FWIW, they could easily cut 10% of to top of the charge, four minutes run time, and DOUBLE the cycle life of the battery. This is covered in the BU stuff. A 10% drop doubles Li-ion cycle life. From say 300 to 600. Pretty useful, IMO. Drop it another 10% and it doubles again! 1200 cycles at 80% of the former 300?
But 300 is enough to get it out of warranty..... They don't charge to 4.3 Volts since that would no doubt cause too many returns (very expensive, each one 'wipes out the profit' from a bunch of new sales).

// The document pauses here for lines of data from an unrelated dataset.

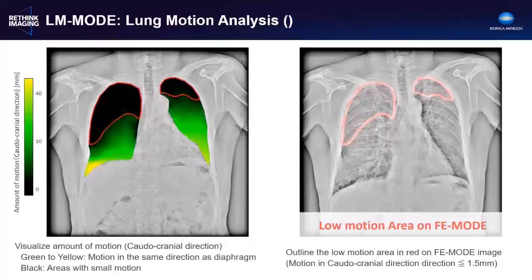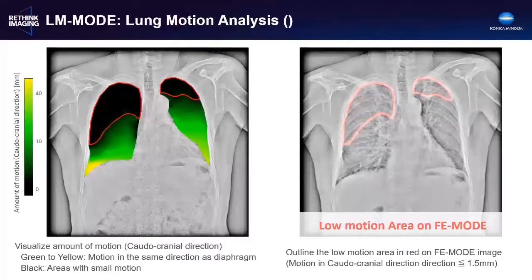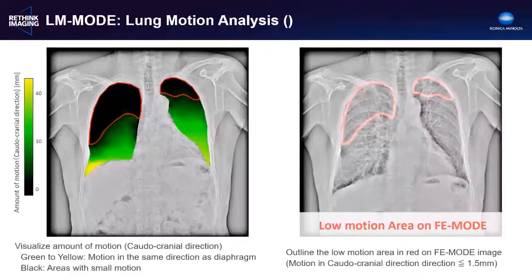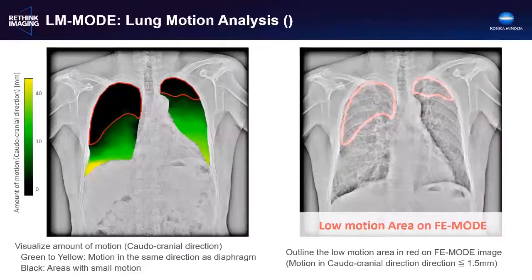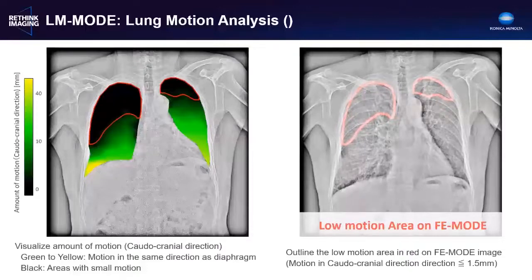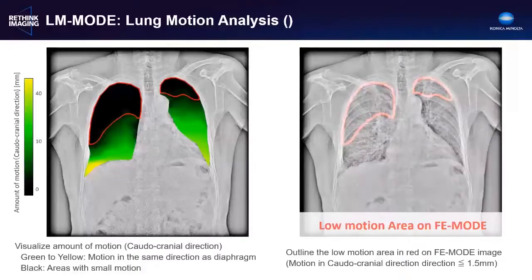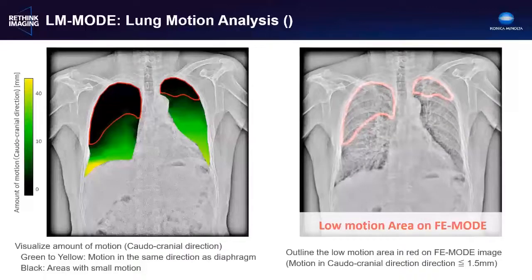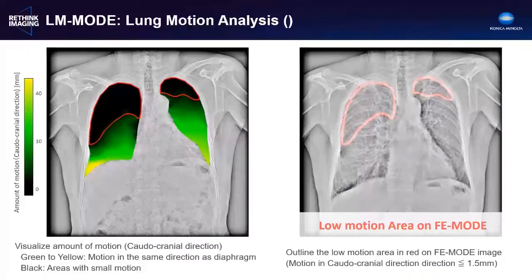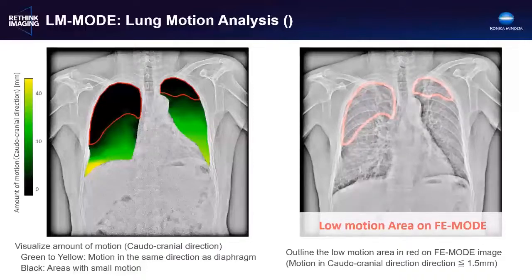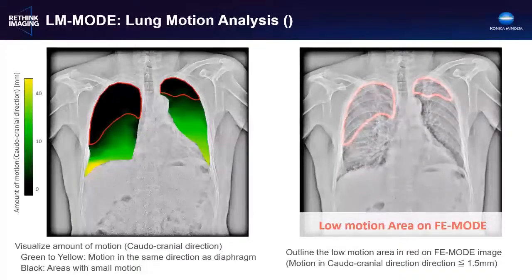Another advanced analysis tool is the use of an optical flow algorithm to quantify motion of the lung in the cranial-caudal direction. The amount of motion during respiration is shown using a green color scale, from areas of no motion shown in black, to areas of up to four centimeters of motion in bright chartreuse. Areas of very low motion, less than 1.5 millimeters, are highlighted and superimposed on a frequency-enhanced dynamic image. Published studies have shown this to be useful in detecting adhesions to the chest wall and evaluating pulmonary dynamics after surgical interventions.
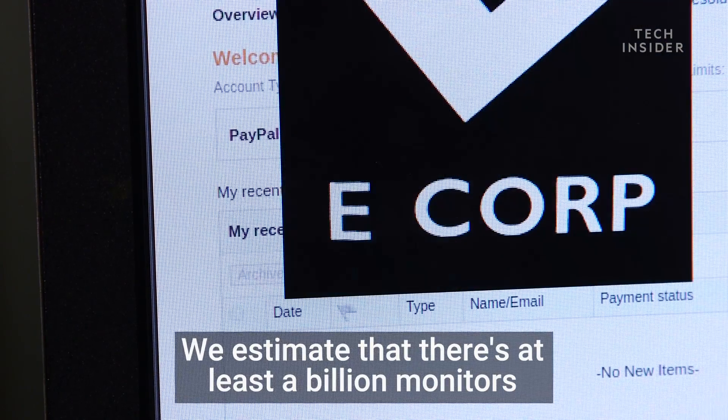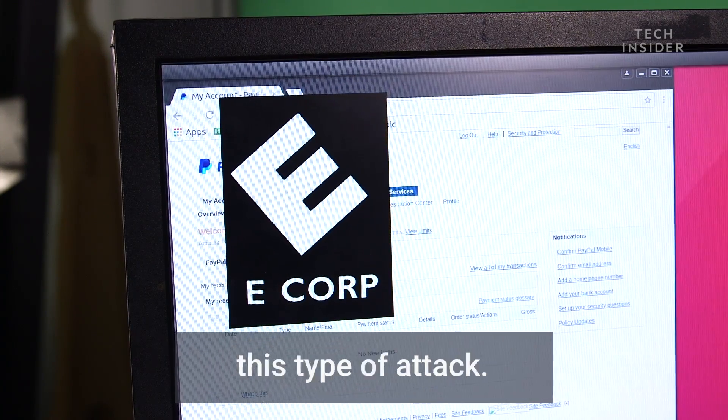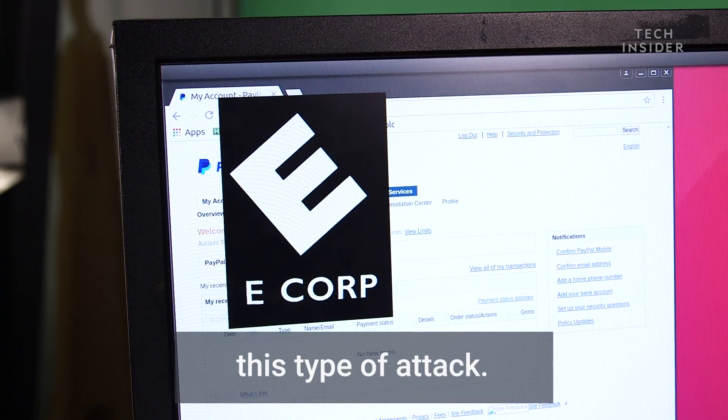We estimate that there are at least a billion monitors on the planet today that are vulnerable to this type of attack.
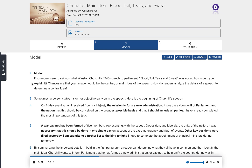Here is the beginning of Churchill's speech: "On Friday evening last, I received from His Majesty the mission to form a new administration. It was the evident will of Parliament and the nation that this should be conceived on the broadest possible basis and that it should include all parties. I have already completed the most important part of this task. A war cabinet has been formed of five members, representing, with the Labour, Opposition, and Liberals, the unity of the nation. It was necessary that this should be done in one single day, on account of the extreme urgency and rigor of events. Other key positions were filled yesterday. I am submitting a further list to the King tonight. I hope to complete the appointment of Principal Ministers during tomorrow."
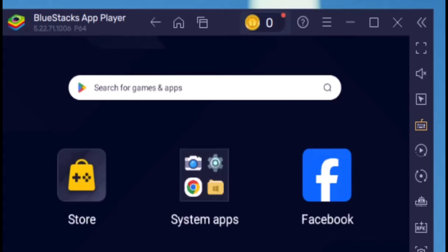Afterwards, the BlueStacks app player will appear. And now you can use your social media or online apps without experiencing any internet errors on your desktop.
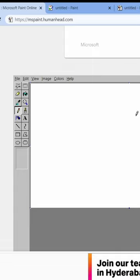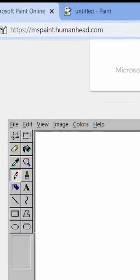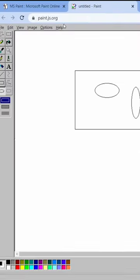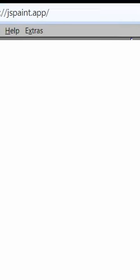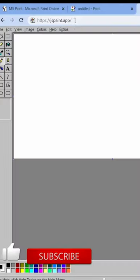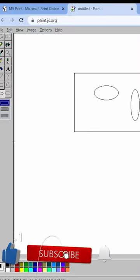You can use MS Paint in the online browser. The first website is mspaint.humanhead. The second website is paint.js.org. The third website is jspaint.app. These three websites are the same ones that you used to use.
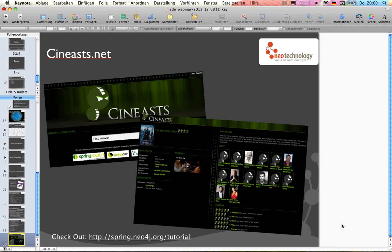Thank you for your time. We hope we could show you some of the applications of Spring Data Neo4j. The power really lies in the simplicity — you take your entities, annotate them, get them stored into the graph, can retrieve them, and pass them to other frameworks that expect POJOs. And if you need to, you can still drop down to the raw Neo4j API level for high-speed traversals through millions and billions of nodes and relationships. Thank you, Michael. And thank you, everybody, for attending. Tomorrow we'll send out the recorded version, and coming up in January we have a new batch of webinars.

Not that HR is alone in this. In fact, LiPo cells like we have here 'die on their own' in a few years anyway. But the idea is so common, that is makers want to push the limits, that NOBODY (I could find) makes a charge controller for commercial Li cells that doesn't push 4.2 Volts (typical 4.15 to 4.25) since they couldn't sell it to anyone...... There are competitive ICs to do this, of course, but they all use that 'right to the wall' number. Except the military, which often demands a 3.95 Volt charge limit. Knowing it will cut run time 20% but in exchange give service life in the field to match the unit (no replacements with the bad guys shooting at you). The only 'off the shelf' IC I could find was a mil spec part that costs more than a F2 and took 6 weeks for delivery. So I built this, originally for Solo:
At the top is a little computer and other parts that control the 12VDC to the unit. When you push the button charging starts as the unit watches the current. You'll note from the BU stuff that the charge current starts to cut back as the cell reaches full voltage? Shifts from constant current to constant voltage mode, reducing the current to stay 'under the line'? My Gadget senses that and at a point set by the adjustment above the go button, cuts the charge off about 20 minutes early and runs the beeper to wake you up. Faster charges (the last bit is slow.....) and longer battery life.
The part below reduces the 12VDC for units like Ascent, the big FMs and others that charge at 9 Volts instead.
So that's my take, they could easily make it work.....if they were so inclined. But
universally (?) they opt to be competitive and 'use logic'. Sales logic.